And Americans know that products produced from petrochemicals are essential to modern life. Petrochemicals are used to manufacture just about everything not made of wood, plants, other living things or metal. These products include everything made of plastic, medicines and medical devices, cosmetics, furniture, appliances, TVs and radios, computers, parts used in every mode of transportation, solar power panels and wind turbines.
I’ve been saying these things for a long time, and now there’s new evidence to back up my points. A recent poll conducted for NPRA, the National Petrochemical & Refiners Association, found that 90 percent of Americans believe our nation’s petroleum refineries and petrochemical manufacturing plants are among America’s “most important” or “important” industries.
This is because Americans who drive to work in cars and trucks powered by gasoline and diesel and spend their days surrounded by thousands of products made with petrochemicals realize that America’s fuels and petrochemical manufacturers play a vital role in their lives every day.
A total of 44 percent of Americans believe the refining and petrochemical sectors are “among the country’s most important industries,” while 46 percent consider the sectors “among the country’s important industries,” according to the poll conducted for NPRA by Opinion Research Corporation.
When asked what they associated with the refining and petrochemical sectors, and allowed to give multiple responses, those polled listed: oil, gas or fuel (76 percent); critical to America’s competiveness (67 percent); manufacturing (64 percent); science and high tech (62 percent); and keystone to other U.S. industries (57 percent).
The poll surveyed 1,000 adults and was demographically and geographically proportioned to accurately reflect the opinions of all adults in the nation based on the latest U.S. Census figures. The poll has a margin of error of 3.1 percent.
Just as “there’s no such thing as a free lunch,” there’s no such thing as an energy source or a source for the building blocks of other products that is free of downsides – and every American grounded in reality knows that.
For example, electric-powered vehicles – touted as “the next big thing” for more than 100 years – are expensive, have limited range, require rare earth minerals produced almost exclusively in China, and lack a nationwide refueling infrastructure.
Electric vehicles now get a taxpayer-funded subsidy of up to $7,500 each, and owners get a $2,000 tax credit for installing a home charging station.

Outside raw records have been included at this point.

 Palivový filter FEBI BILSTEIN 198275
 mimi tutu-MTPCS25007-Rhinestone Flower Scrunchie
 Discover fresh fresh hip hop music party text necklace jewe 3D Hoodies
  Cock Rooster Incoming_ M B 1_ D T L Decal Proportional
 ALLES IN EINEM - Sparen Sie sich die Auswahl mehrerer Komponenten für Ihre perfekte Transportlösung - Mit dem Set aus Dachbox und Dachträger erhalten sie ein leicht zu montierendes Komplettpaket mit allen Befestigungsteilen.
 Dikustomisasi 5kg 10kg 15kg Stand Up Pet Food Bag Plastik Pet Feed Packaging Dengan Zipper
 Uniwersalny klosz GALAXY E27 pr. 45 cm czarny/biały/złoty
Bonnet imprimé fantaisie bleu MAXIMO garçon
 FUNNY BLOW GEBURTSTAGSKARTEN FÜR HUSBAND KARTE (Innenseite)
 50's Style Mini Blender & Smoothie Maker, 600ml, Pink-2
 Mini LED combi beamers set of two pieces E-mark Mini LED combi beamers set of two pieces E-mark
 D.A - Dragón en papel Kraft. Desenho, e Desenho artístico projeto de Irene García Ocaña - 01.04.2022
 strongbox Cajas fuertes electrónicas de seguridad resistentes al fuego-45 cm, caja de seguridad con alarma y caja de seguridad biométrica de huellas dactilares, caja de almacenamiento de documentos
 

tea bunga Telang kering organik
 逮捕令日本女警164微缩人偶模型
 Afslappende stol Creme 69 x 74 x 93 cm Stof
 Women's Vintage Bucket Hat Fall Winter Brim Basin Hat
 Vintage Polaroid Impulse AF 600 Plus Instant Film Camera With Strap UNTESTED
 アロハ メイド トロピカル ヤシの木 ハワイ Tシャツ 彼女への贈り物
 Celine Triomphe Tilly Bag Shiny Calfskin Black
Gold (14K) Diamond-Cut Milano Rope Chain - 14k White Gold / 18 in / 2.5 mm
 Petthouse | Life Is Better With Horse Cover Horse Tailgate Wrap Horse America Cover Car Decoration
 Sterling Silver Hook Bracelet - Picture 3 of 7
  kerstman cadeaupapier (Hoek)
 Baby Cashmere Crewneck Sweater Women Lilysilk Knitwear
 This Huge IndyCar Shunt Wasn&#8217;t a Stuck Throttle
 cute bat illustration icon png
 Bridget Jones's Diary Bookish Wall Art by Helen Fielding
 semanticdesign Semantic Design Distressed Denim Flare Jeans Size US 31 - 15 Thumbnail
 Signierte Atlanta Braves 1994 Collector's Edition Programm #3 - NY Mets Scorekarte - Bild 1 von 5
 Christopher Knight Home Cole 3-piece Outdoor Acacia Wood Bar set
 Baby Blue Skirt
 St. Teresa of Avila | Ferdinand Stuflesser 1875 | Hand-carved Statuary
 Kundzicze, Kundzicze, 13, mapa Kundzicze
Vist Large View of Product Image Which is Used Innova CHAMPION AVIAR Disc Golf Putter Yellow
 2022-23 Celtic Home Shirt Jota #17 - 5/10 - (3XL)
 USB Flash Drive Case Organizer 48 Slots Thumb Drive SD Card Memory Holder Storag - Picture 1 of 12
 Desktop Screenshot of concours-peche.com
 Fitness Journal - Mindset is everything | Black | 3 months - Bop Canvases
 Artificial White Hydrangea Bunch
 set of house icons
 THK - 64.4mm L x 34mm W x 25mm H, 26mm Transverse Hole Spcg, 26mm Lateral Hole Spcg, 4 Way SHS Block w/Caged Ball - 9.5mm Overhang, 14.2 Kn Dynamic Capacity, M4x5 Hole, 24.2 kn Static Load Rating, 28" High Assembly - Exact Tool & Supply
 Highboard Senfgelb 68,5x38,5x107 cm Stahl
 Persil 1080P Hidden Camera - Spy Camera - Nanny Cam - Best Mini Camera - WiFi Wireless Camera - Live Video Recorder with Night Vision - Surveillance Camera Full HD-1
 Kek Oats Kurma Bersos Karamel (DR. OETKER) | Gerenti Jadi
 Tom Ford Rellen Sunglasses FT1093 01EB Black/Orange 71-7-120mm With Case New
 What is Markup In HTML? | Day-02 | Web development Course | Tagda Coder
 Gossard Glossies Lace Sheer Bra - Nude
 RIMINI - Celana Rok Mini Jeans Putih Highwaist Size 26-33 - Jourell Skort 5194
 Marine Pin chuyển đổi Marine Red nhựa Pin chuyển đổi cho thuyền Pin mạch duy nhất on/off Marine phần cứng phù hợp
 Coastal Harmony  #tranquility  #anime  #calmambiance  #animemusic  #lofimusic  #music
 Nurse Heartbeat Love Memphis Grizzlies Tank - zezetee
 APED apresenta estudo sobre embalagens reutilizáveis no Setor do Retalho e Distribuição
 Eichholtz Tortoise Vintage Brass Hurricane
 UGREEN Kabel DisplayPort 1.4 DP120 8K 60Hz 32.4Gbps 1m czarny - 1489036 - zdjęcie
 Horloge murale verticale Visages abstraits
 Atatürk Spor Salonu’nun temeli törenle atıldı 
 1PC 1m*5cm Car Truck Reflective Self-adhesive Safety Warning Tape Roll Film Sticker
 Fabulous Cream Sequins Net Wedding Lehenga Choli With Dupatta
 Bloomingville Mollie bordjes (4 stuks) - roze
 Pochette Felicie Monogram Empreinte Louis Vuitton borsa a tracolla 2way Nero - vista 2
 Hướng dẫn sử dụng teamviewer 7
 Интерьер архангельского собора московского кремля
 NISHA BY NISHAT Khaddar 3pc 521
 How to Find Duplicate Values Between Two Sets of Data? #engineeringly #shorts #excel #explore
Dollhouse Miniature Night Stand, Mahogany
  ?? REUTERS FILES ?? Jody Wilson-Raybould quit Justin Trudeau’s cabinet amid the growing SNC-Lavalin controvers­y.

If the owners of all of the approximately 250 million passenger vehicles in the United Sates received these big subsidies the cost to taxpayers would top $2 trillion – an amount our deficit-plagued federal government simply could not afford.
In another example, a move by the Environmental Protection Agency to increase the amount of ethanol in gasoline to reduce petroleum consumption has drawn criticism from environmentalists, poultry and meat producers, the boating industry, automakers, outdoor power equipment manufacturers, motorcyclists, snowmobilers, fuel manufacturers and others.
These groups have raised concerns about harm that the increased use of ethanol could cause to engines and to the environment, and about increases in food prices caused by the diversion of growing amounts of corn from the food supply to the fuel supply.
And despite efforts to come up with alternatives, people around the world continue to rely on petrochemicals because they have a proven record of versatility, affordability and reliability.
The results of the NPRA poll show that our nation’s citizens understand that NPRA members strengthen America’s national and economic security, preserve high-tech American manufacturing jobs, and efficiently produce fuels and petrochemicals that benefit every American every day.
The reality is that fuels and other refined petroleum products and petrochemicals can and must continue playing a critical role in building a stronger, more prosperous America and in improving the lives of American families.
Charles T. Drevna is president of NPRA, the National Petrochemical & Refiners Association.